Russian Hackers Behind Ukraine Power Outage May Have Sought More Damage
The Russia-linked hackers who triggered a power outage in Ukraine back in 2016 may have hoped to cause much more damage, according to a report published recently by U.S.-based industrial cybersecurity firm Dragos. The threat group, which Dragos tracks as Electrum, used a piece of malware named Crashoverride and Industroyer to target industrial control systems (ICS) at a power station in Ukraine. The cyberattack resulted in power outages in the Kiev region in mid-December 2016, but power was restored after just over an hour, making the attack less severe compared to the one launched against Ukraine’s grid one year earlier, when power outages lasted for up to 6 hours.
Dragos researcher Joe Slowik has reassessed the 2016 attack involving Crashoverride and he believes that the attackers were actually hoping to cause more widespread outages and trigger a destructive event.
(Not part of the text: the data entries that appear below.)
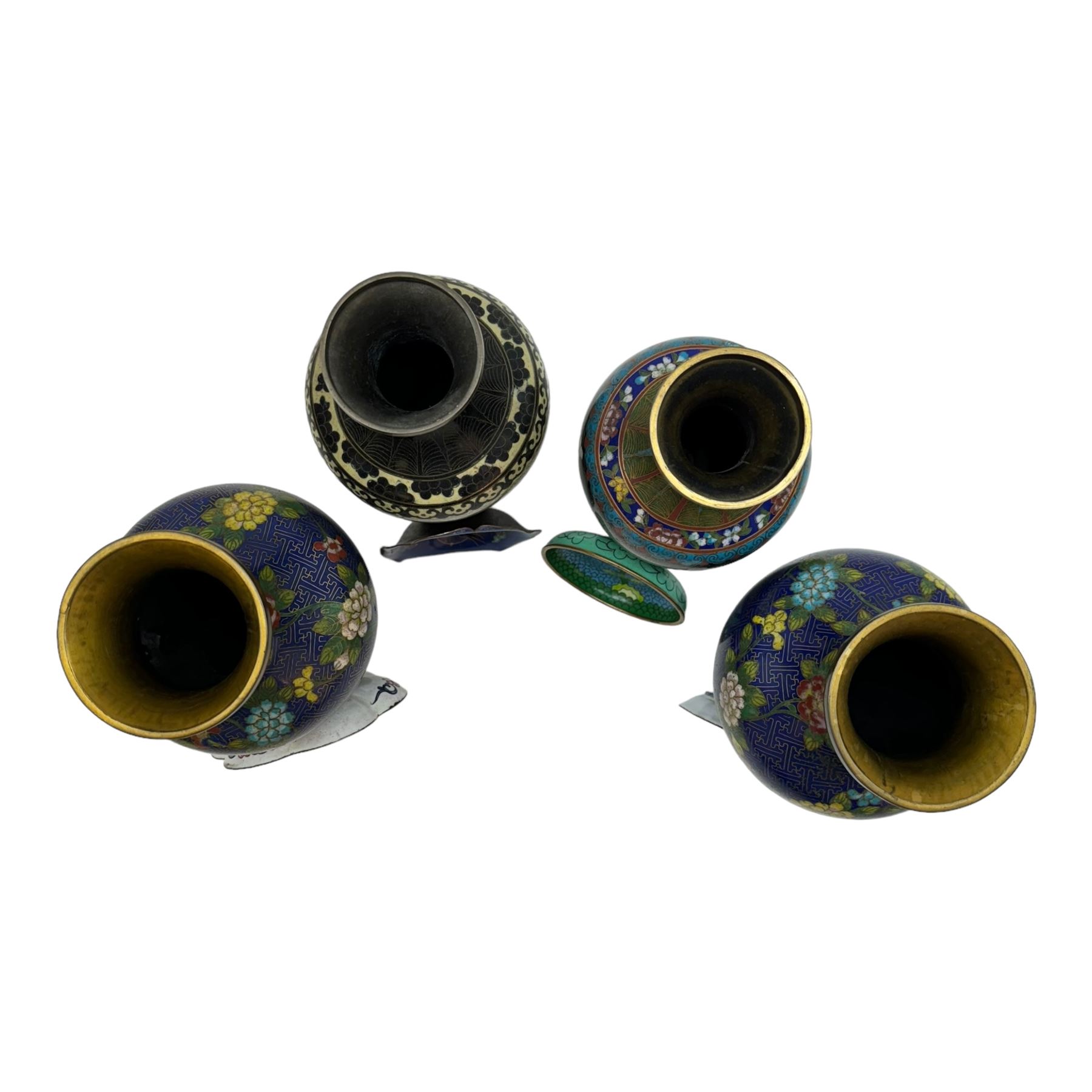 Group of four Chinese cloisonné vases, together with four cloisonné dishes, vases H24cm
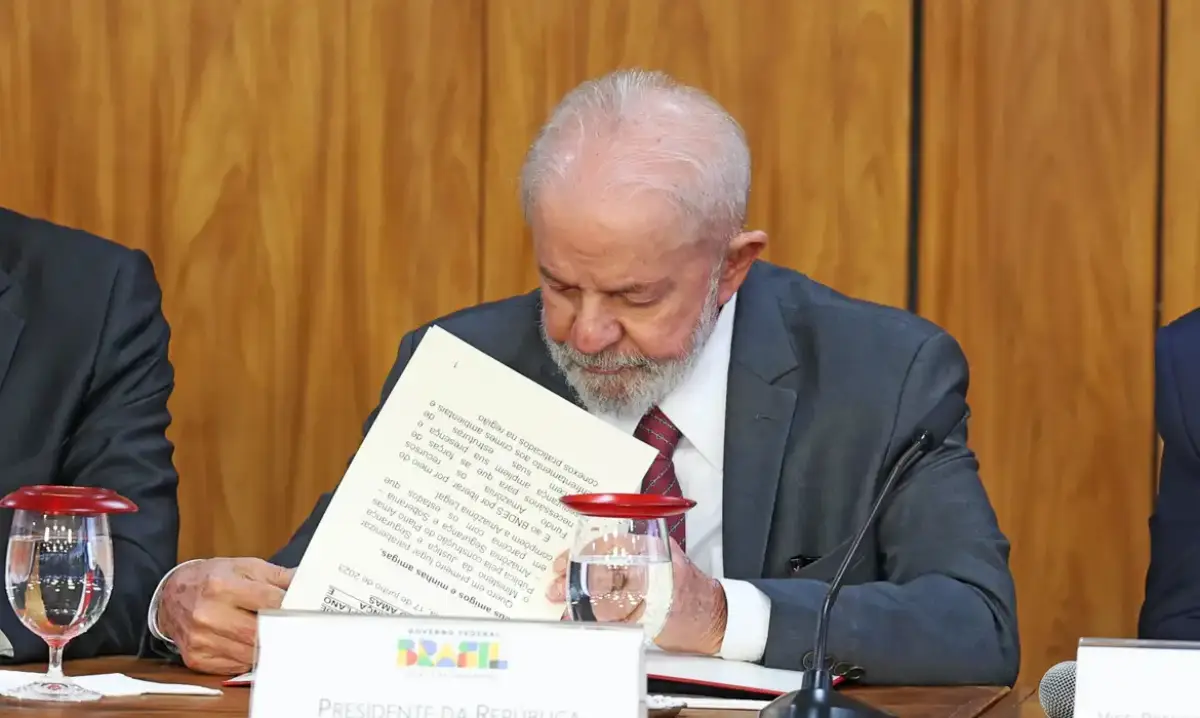 Vetado: Lula desconsidera lei que reconhece estágio como experiência profissional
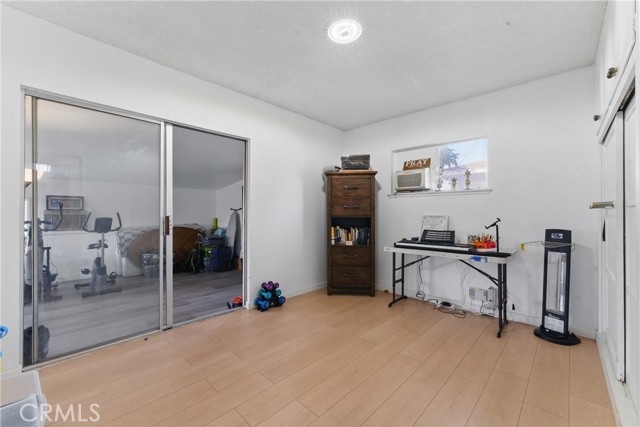 415 Cadbrook Drive, La Puente CA: https://media.crmls.org/medias/ddd45eac-58db-4e3d-91aa-34a2575882ee.jpg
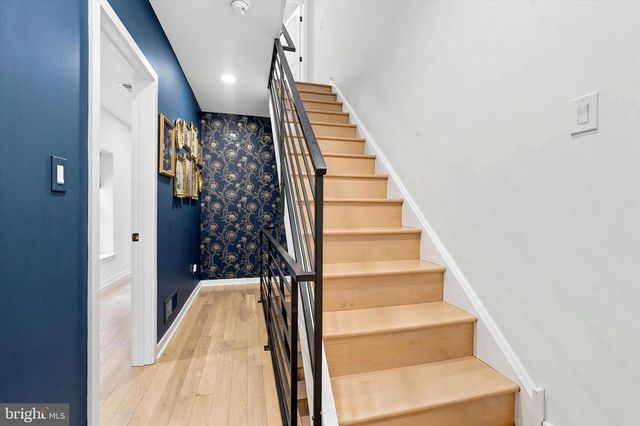 2304 CHRISTIAN ST, Philadelphia, PA 19146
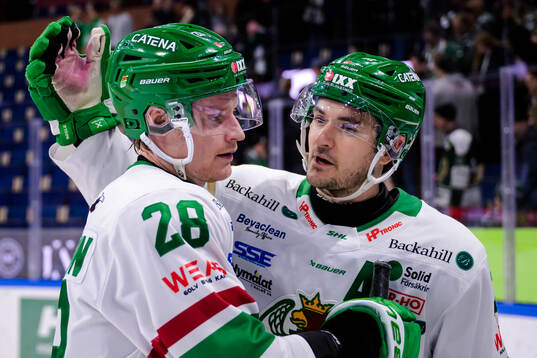 Rögles Anton Bengtsson och Brady Ferguson jublar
It has been known that the malware included a module designed to allow attackers to control circuit breakers and disrupt power by manipulating remote terminal units (RTUs), and a wiper module whose goal was to make recovery more difficult by deleting configuration and other files. During their initial analysis, researchers also uncovered a tool designed to exploit a known vulnerability in Siemens SIPROTEC protection relays (CVE-2015-5374) to cause the devices to enter a denial-of-service (DoS) condition.